* WORK ORDER:
Could you output all of the records below exactly as they appear?

* INPUT DATA:
# # #
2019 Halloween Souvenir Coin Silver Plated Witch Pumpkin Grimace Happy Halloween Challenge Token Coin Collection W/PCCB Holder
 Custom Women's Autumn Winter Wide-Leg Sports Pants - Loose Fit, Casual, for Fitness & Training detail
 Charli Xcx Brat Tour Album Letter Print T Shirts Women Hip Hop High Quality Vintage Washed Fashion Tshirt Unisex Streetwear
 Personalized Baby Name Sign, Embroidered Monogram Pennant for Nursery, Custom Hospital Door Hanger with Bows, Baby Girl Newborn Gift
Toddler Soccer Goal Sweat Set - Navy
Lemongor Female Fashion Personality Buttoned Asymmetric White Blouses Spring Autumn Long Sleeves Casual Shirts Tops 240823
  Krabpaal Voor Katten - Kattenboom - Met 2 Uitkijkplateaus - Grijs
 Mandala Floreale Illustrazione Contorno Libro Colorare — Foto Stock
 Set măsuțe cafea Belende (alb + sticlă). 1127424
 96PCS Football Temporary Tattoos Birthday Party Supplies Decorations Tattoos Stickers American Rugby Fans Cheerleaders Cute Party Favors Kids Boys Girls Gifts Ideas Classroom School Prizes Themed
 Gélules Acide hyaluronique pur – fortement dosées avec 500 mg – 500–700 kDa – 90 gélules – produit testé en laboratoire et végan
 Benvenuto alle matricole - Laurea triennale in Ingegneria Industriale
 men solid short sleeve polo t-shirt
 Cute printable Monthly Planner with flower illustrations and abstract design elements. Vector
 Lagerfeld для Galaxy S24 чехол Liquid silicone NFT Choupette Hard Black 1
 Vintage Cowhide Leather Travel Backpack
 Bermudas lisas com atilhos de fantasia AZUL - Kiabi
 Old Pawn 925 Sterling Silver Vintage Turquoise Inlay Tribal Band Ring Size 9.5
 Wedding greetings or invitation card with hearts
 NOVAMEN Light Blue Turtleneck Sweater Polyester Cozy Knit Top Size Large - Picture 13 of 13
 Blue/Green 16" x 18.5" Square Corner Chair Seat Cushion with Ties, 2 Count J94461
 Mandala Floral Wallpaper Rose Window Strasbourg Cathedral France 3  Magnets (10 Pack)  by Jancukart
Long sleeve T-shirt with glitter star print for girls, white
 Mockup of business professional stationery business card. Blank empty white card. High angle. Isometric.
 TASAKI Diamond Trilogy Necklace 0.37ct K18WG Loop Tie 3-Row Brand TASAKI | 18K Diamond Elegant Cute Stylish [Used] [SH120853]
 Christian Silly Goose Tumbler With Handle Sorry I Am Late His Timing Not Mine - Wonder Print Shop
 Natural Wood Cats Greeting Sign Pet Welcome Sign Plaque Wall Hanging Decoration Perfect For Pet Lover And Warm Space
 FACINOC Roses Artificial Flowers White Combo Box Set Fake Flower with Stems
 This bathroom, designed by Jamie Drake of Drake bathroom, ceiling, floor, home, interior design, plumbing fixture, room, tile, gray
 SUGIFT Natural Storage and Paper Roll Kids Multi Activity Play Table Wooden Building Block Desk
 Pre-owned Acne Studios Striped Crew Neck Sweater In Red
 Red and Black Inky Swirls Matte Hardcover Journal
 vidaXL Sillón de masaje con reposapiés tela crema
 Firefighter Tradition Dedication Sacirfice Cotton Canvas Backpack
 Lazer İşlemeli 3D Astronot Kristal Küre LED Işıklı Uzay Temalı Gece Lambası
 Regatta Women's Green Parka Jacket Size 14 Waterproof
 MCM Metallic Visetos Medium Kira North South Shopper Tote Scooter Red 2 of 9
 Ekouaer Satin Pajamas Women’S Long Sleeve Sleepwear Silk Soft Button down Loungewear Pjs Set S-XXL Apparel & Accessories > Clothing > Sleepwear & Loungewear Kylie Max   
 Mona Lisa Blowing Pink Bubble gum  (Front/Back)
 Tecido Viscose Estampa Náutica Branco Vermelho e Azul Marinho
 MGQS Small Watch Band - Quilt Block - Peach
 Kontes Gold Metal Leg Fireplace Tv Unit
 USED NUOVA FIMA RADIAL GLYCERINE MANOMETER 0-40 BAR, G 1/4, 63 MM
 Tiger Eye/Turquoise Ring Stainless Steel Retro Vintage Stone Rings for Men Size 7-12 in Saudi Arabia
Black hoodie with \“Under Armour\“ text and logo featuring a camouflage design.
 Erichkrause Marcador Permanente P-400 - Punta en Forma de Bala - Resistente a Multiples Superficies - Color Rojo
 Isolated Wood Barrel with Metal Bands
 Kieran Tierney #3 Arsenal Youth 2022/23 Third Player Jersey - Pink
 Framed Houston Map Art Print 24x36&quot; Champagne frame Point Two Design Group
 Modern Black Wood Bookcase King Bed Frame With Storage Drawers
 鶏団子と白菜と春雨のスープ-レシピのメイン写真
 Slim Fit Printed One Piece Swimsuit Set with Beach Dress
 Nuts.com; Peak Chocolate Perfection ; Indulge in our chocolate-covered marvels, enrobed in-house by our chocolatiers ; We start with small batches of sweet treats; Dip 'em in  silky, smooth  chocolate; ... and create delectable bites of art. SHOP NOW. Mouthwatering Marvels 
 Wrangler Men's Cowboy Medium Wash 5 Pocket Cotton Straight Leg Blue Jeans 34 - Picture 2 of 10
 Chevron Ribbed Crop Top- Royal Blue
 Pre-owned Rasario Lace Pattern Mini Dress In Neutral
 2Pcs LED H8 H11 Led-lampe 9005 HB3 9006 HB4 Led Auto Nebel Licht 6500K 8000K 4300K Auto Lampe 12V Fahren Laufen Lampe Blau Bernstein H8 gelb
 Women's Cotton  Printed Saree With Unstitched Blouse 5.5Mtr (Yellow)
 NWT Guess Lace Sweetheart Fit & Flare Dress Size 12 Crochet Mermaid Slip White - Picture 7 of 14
# # #
* TASK OUTPUT:
2019 Halloween Souvenir Coin Silver Plated Witch Pumpkin Grimace Happy Halloween Challenge Token Coin Collection W/PCCB Holder
 Custom Women's Autumn Winter Wide-Leg Sports Pants - Loose Fit, Casual, for Fitness & Training detail
 Charli Xcx Brat Tour Album Letter Print T Shirts Women Hip Hop High Quality Vintage Washed Fashion Tshirt Unisex Streetwear
 Personalized Baby Name Sign, Embroidered Monogram Pennant for Nursery, Custom Hospital Door Hanger with Bows, Baby Girl Newborn Gift
Toddler Soccer Goal Sweat Set - Navy
Lemongor Female Fashion Personality Buttoned Asymmetric White Blouses Spring Autumn Long Sleeves Casual Shirts Tops 240823
  Krabpaal Voor Katten - Kattenboom - Met 2 Uitkijkplateaus - Grijs
 Mandala Floreale Illustrazione Contorno Libro Colorare — Foto Stock
 Set măsuțe cafea Belende (alb + sticlă). 1127424
 96PCS Football Temporary Tattoos Birthday Party Supplies Decorations Tattoos Stickers American Rugby Fans Cheerleaders Cute Party Favors Kids Boys Girls Gifts Ideas Classroom School Prizes Themed
 Gélules Acide hyaluronique pur – fortement dosées avec 500 mg – 500–700 kDa – 90 gélules – produit testé en laboratoire et végan
 Benvenuto alle matricole - Laurea triennale in Ingegneria Industriale
 men solid short sleeve polo t-shirt
 Cute printable Monthly Planner with flower illustrations and abstract design elements. Vector
 Lagerfeld для Galaxy S24 чехол Liquid silicone NFT Choupette Hard Black 1
 Vintage Cowhide Leather Travel Backpack
 Bermudas lisas com atilhos de fantasia AZUL - Kiabi
 Old Pawn 925 Sterling Silver Vintage Turquoise Inlay Tribal Band Ring Size 9.5
 Wedding greetings or invitation card with hearts
 NOVAMEN Light Blue Turtleneck Sweater Polyester Cozy Knit Top Size Large - Picture 13 of 13
 Blue/Green 16" x 18.5" Square Corner Chair Seat Cushion with Ties, 2 Count J94461
 Mandala Floral Wallpaper Rose Window Strasbourg Cathedral France 3  Magnets (10 Pack)  by Jancukart
Long sleeve T-shirt with glitter star print for girls, white
 Mockup of business professional stationery business card. Blank empty white card. High angle. Isometric.
 TASAKI Diamond Trilogy Necklace 0.37ct K18WG Loop Tie 3-Row Brand TASAKI | 18K Diamond Elegant Cute Stylish [Used] [SH120853]
 Christian Silly Goose Tumbler With Handle Sorry I Am Late His Timing Not Mine - Wonder Print Shop
 Natural Wood Cats Greeting Sign Pet Welcome Sign Plaque Wall Hanging Decoration Perfect For Pet Lover And Warm Space
 FACINOC Roses Artificial Flowers White Combo Box Set Fake Flower with Stems
 This bathroom, designed by Jamie Drake of Drake bathroom, ceiling, floor, home, interior design, plumbing fixture, room, tile, gray
 SUGIFT Natural Storage and Paper Roll Kids Multi Activity Play Table Wooden Building Block Desk
 Pre-owned Acne Studios Striped Crew Neck Sweater In Red
 Red and Black Inky Swirls Matte Hardcover Journal
 vidaXL Sillón de masaje con reposapiés tela crema
 Firefighter Tradition Dedication Sacirfice Cotton Canvas Backpack
 Lazer İşlemeli 3D Astronot Kristal Küre LED Işıklı Uzay Temalı Gece Lambası
 Regatta Women's Green Parka Jacket Size 14 Waterproof
 MCM Metallic Visetos Medium Kira North South Shopper Tote Scooter Red 2 of 9
 Ekouaer Satin Pajamas Women’S Long Sleeve Sleepwear Silk Soft Button down Loungewear Pjs Set S-XXL Apparel & Accessories > Clothing > Sleepwear & Loungewear Kylie Max   
 Mona Lisa Blowing Pink Bubble gum  (Front/Back)
 Tecido Viscose Estampa Náutica Branco Vermelho e Azul Marinho
 MGQS Small Watch Band - Quilt Block - Peach
 Kontes Gold Metal Leg Fireplace Tv Unit
 USED NUOVA FIMA RADIAL GLYCERINE MANOMETER 0-40 BAR, G 1/4, 63 MM
 Tiger Eye/Turquoise Ring Stainless Steel Retro Vintage Stone Rings for Men Size 7-12 in Saudi Arabia
Black hoodie with \“Under Armour\“ text and logo featuring a camouflage design.
 Erichkrause Marcador Permanente P-400 - Punta en Forma de Bala - Resistente a Multiples Superficies - Color Rojo
 Isolated Wood Barrel with Metal Bands
 Kieran Tierney #3 Arsenal Youth 2022/23 Third Player Jersey - Pink
 Framed Houston Map Art Print 24x36&quot; Champagne frame Point Two Design Group
 Modern Black Wood Bookcase King Bed Frame With Storage Drawers
 鶏団子と白菜と春雨のスープ-レシピのメイン写真
 Slim Fit Printed One Piece Swimsuit Set with Beach Dress
 Nuts.com; Peak Chocolate Perfection ; Indulge in our chocolate-covered marvels, enrobed in-house by our chocolatiers ; We start with small batches of sweet treats; Dip 'em in  silky, smooth  chocolate; ... and create delectable bites of art. SHOP NOW. Mouthwatering Marvels 
 Wrangler Men's Cowboy Medium Wash 5 Pocket Cotton Straight Leg Blue Jeans 34 - Picture 2 of 10
 Chevron Ribbed Crop Top- Royal Blue
 Pre-owned Rasario Lace Pattern Mini Dress In Neutral
 2Pcs LED H8 H11 Led-lampe 9005 HB3 9006 HB4 Led Auto Nebel Licht 6500K 8000K 4300K Auto Lampe 12V Fahren Laufen Lampe Blau Bernstein H8 gelb
 Women's Cotton  Printed Saree With Unstitched Blouse 5.5Mtr (Yellow)
 NWT Guess Lace Sweetheart Fit & Flare Dress Size 12 Crochet Mermaid Slip White - Picture 7 of 14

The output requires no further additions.